Ron MacLean will receive an honorary doctor of laws degree November 19 at 3 p.m.
One of Canada’s pre-eminent advocates and defenders of minority linguistic and cultural rights, The Honourable Claudette Tardif has made considerable contributions to post-secondary education and public service. Born in Westlock, Alberta, she obtained a PhD at the U of A and returned to the university in 1977, initially as a professor at Faculté Saint-Jean, then as its dean from 1995 to 2003. She was acting vice-president of external relations when she was appointed to the Senate of Canada by Prime Minister Paul Martin in 2005, and served until her retirement in 2018. She has also served on many boards and played a leading role on national and international committees related to education, culture, social issues and sport. She received the Queen Elizabeth II Golden Jubilee Medal in 2003 and the Alberta Centennial Medal in 2005, and was named to the French Legion of Honour in 2015.

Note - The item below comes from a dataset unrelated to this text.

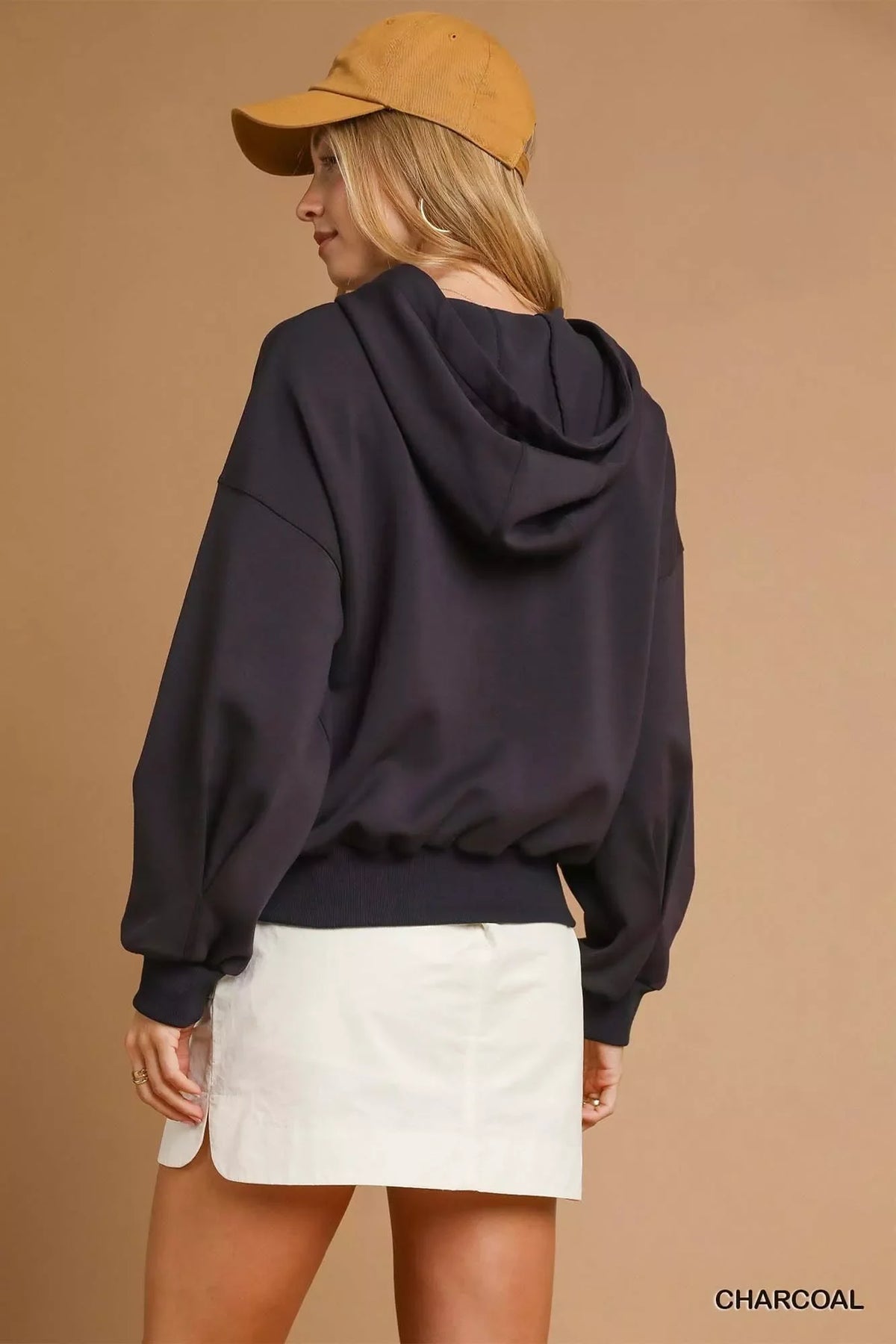 Woman in charcoal hooded sweatshirt, white mini skirt, and tan cap, back view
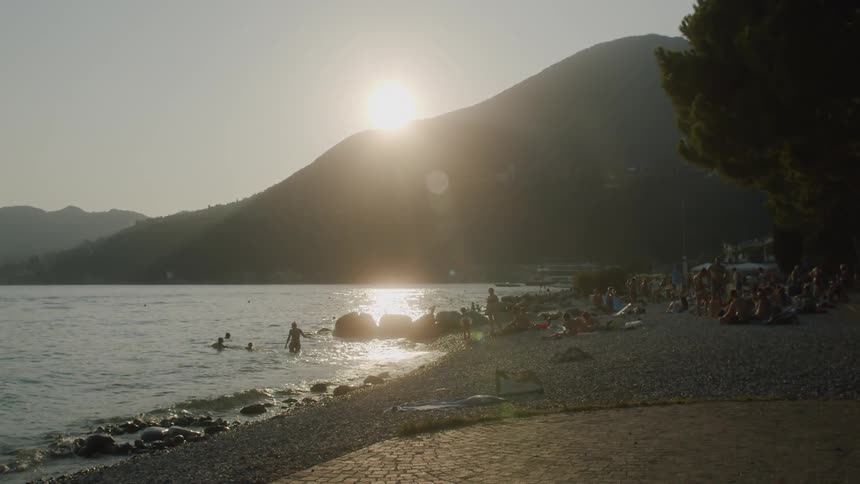 Lots of people sit on a beach watching while other people swim in the water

Claudette Tardif will receive an honorary doctor of laws degree November 20 at 10 a.m.
One of Canada’s foremost contemporary poets, Alice Major has written 14 books of award-winning poetry and fiction, as well as a collection of essays. Born in Scotland, she grew up in Toronto and worked in British Columbia before coming to Edmonton in 1981, where she found her voice as a writer amid an emerging literary scene. She has continued to support that community ever since, serving as president of the Writers’ Guild of Alberta and the League of Canadian Poets, and as a founding board member and chair of the Edmonton Arts Council. She was named the City of Edmonton’s first poet laureate in 2005 and created the Edmonton Poetry Festival the following year. She was inducted into Edmonton’s Arts and Culture Hall of Fame in 2012 and was awarded the Lieutenant Governor of Alberta Distinguished Artist Award in 2017.
Alice Major will receive an honorary doctor of letters degree November 20 at 3 p.m.